Christophe, père d’un adolescent de 17 ans décédé dans l’incendie, retourne régulièrement à Crans-Montana. Il cherche dans ces lieux un lien invisible avec son fils, comme une manière de maintenir une proximité symbolique. « C’est là qu’il est parti et il aimait cette station », explique-t-il. Chez lui, la chambre de son fils est restée intacte. « J’ai encore son bol de céréales là où il était. Pour l’instant, je n’ai rien envie de toucher. »

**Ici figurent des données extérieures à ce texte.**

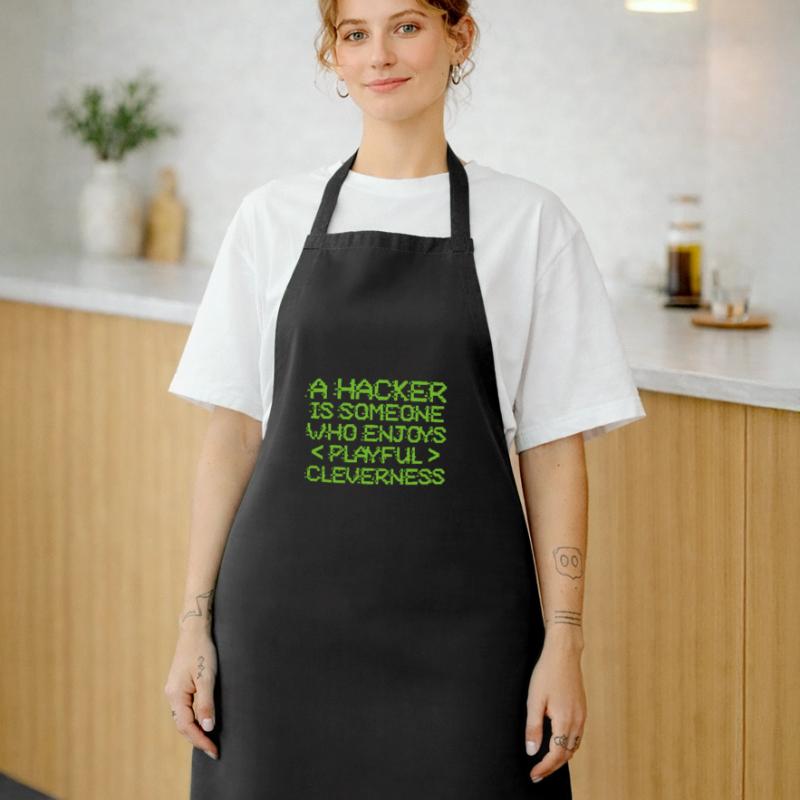 Hacker codeur ordinateur piratage cadeau Tablier de cuisine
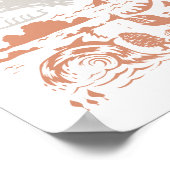 Affiche du drapeau californien (Coin)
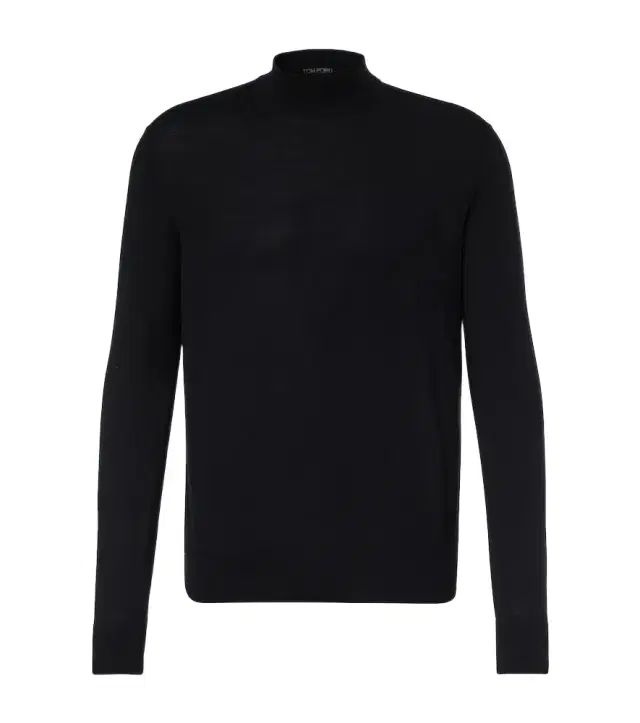 Wool turtleneck sweater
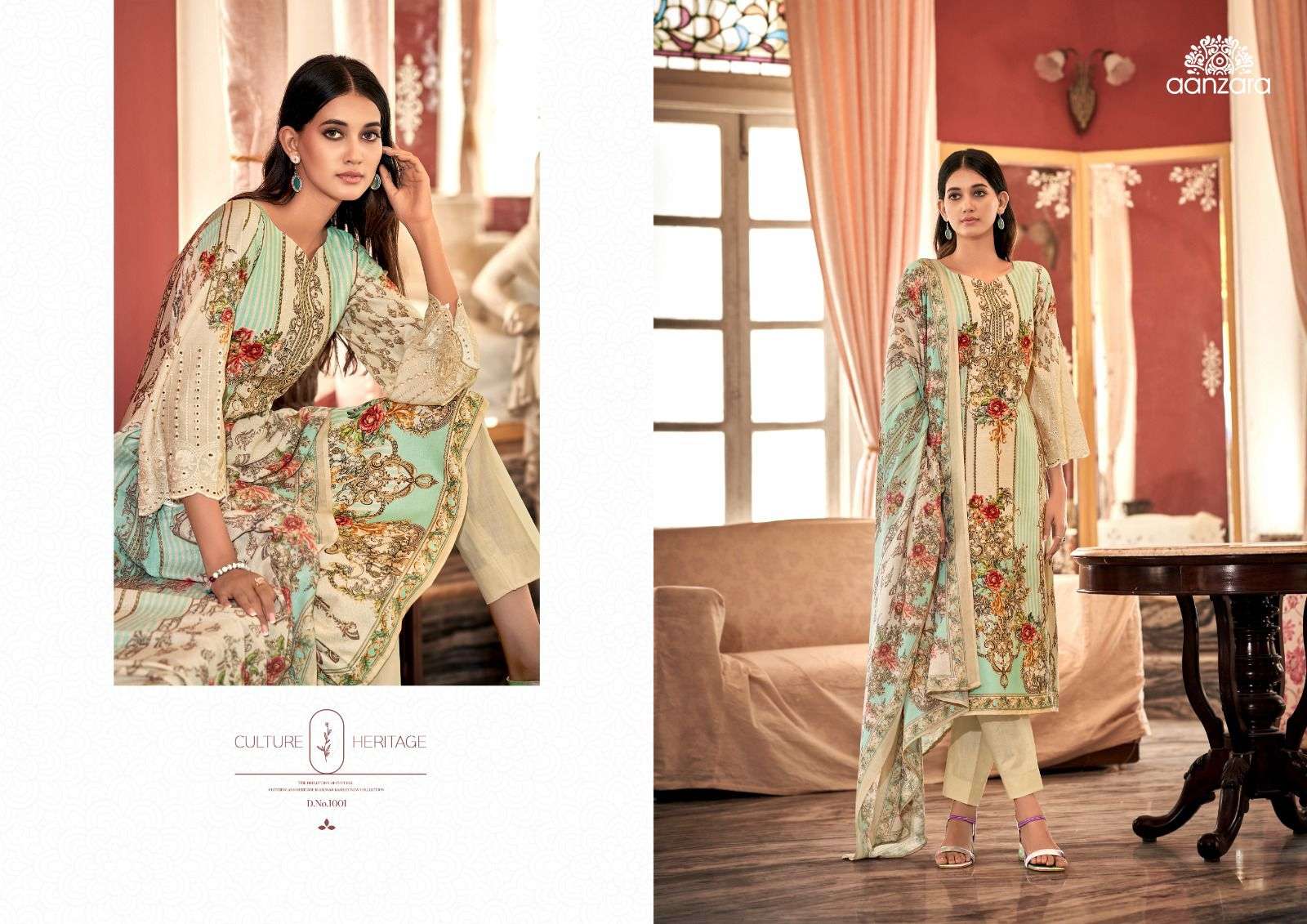 acme weavers shiddat 1001-1006 series lawn cotton designer salwar suits online wholeasale surat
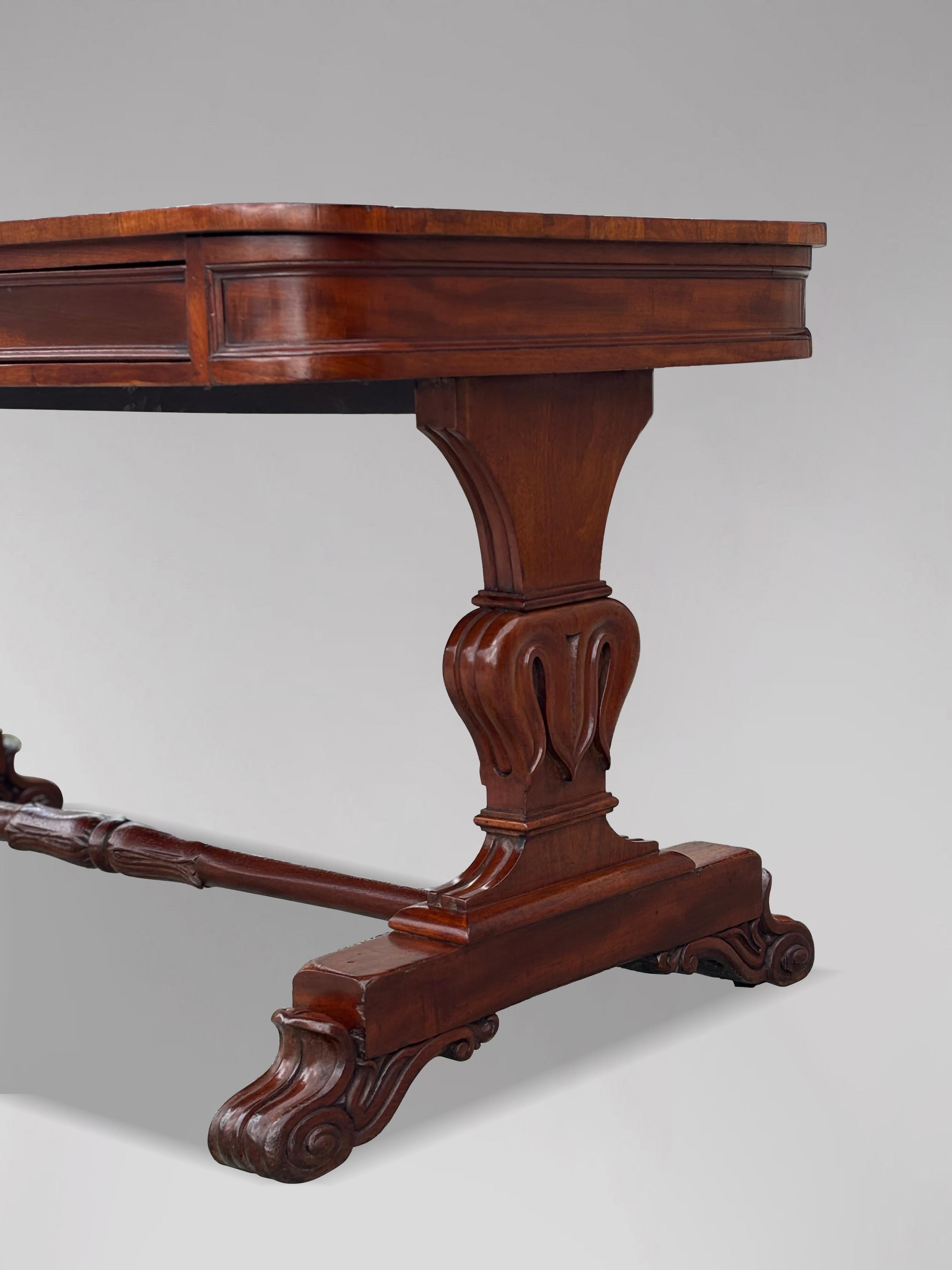 Early 19th Century William IV Period Mahogany Library Writing Table For Sale 2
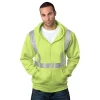 Bayside Hi-Vis Full Zip Hoodie Segmented Striping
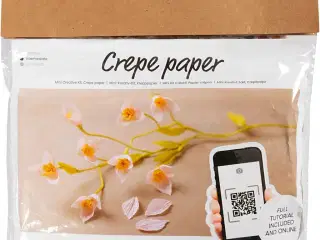 Mini DIY Kit Crepepapir, Kirsebærgren, Stræk/crepe: 180%, 1 pk.
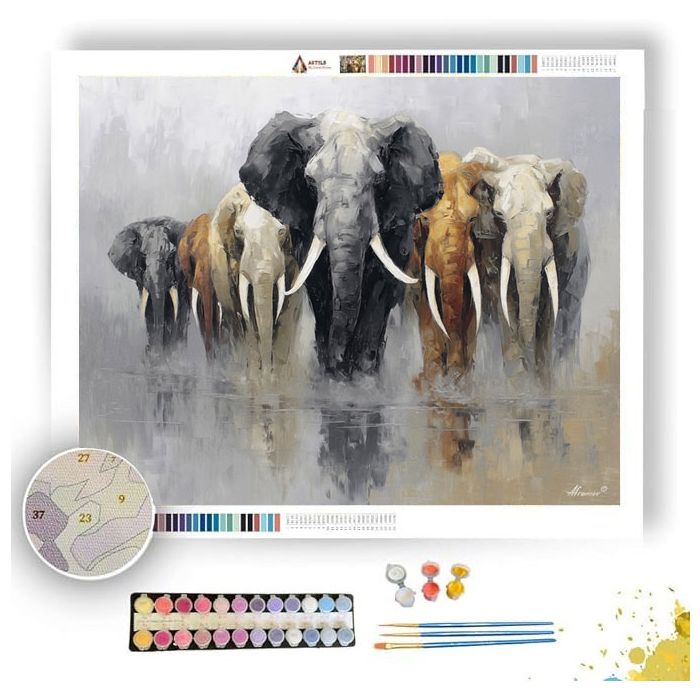 BLURRING ARC - Paint by Numbers Full Kit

Colère, incompréhension et zones d’ombre dans l’enquête
À la détresse s’ajoute désormais la colère. Les familles, épaulées par leurs avocats, dénoncent des défaillances graves qui auraient pu être évitées. Les premiers éléments de l’enquête évoquent une gestion défaillante des risques d’incendie, ainsi que des manquements aux contrôles administratifs obligatoires.
Les gérants de l’établissement ont été entendus, mais de nombreuses questions restent sans réponse. Parmi elles, la disparition d’images de vidéosurveillance, qui nourrit les soupçons et entretient l’incompréhension. Pour les proches des victimes, la quête de vérité devient une nécessité pour espérer, un jour, amorcer un deuil.
Un mois après les flammes, le drame de Crans-Montana continue de consumer les vies, bien au-delà de la nuit fatale. Entre cicatrices physiques, traumatismes psychiques et chagrin inconsolable, survivants et familles avancent difficilement.